There aren't guarantees in life, but I think you're wholly misunderstanding the scale we're talking about. Visa processes about 200M transactions/day. Almost $17B/day. These are not small numbers.

I think you're also misunderstanding of how the financial system looks at payment rails - there's a pent up (ongoing?) demand for better ones.

Also, while merchant transactions are one market, they certainly aren't the only one. There's lots of talk about international remittances. This is a $500B+ market[1] that is growing at an insane rate[2]. Average fees are 9.3%[3] and way worse for some countries - it's not unheard of to say, pay $40 for sending $100 from the US to Kenya. Now that is a market that's ripe for disruption (you'd have to balance bitcoin inflows w/ capital flight for the economy to work, but it's worth pointing out there's already a service linking bitcoin w/ M-Pesa: http://motherboard.vice.com/blog/one-third-of-kenyans-now-ha... )

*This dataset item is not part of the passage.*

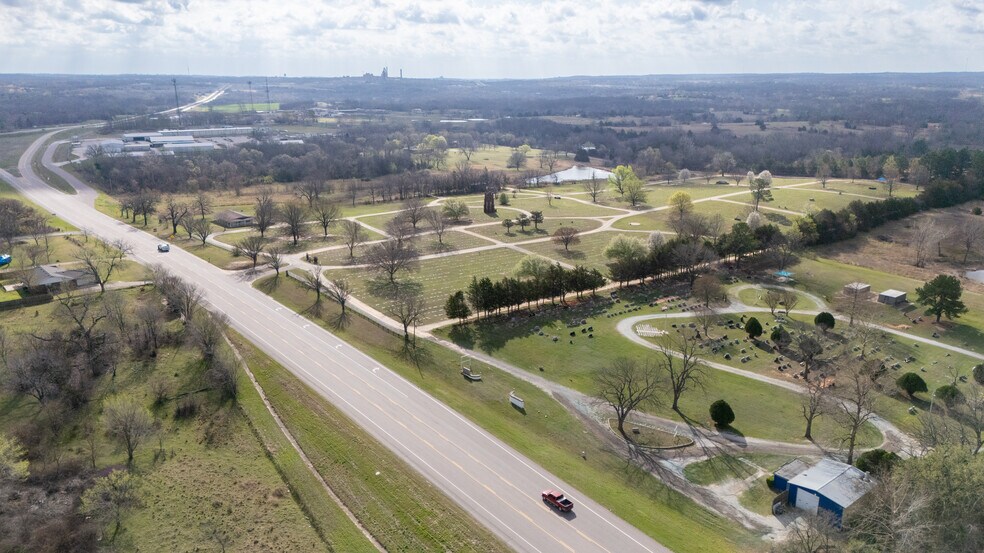 More Photos Of 12481 OK-19, Ada Cemetery Mausoleum For Sale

IMO, this is a particularly useful page which gives some context on where bitcoin currently sits with other payment networks: http://www.coinometrics.com/bitcoin/btix

[1] http://www.bloomberg.com/news/2013-12-17/global-immigrants-s...

[2] http://gulfnews.com/business/economy/global-remittance-flow-...

[3] http://www.cognizant.com/InsightsWhitepapers/Remittance-Mark...


As the two other comments here state, 20% is nothing to sneeze at when you are a low margin retailer (which many are). And I think 20% is the low end of possible savings (I'm the author of the post) - it's possible that the savings will end up being significantly higher, especially if retailers can keep some of the money in Bitcoin (because business partners start accepting Bitcoin and/or volatility comes down) and if fraud costs come down.


It depends. A high-volume, low-margin retailer would save a huge amount from 20% on transactions.

If Amazon were motivated to take on the risk of building the infrastructure, this could happen quickly. But, they have other things to focus on, and I doubt they would make the calculations in the same aggressively optimistic manner.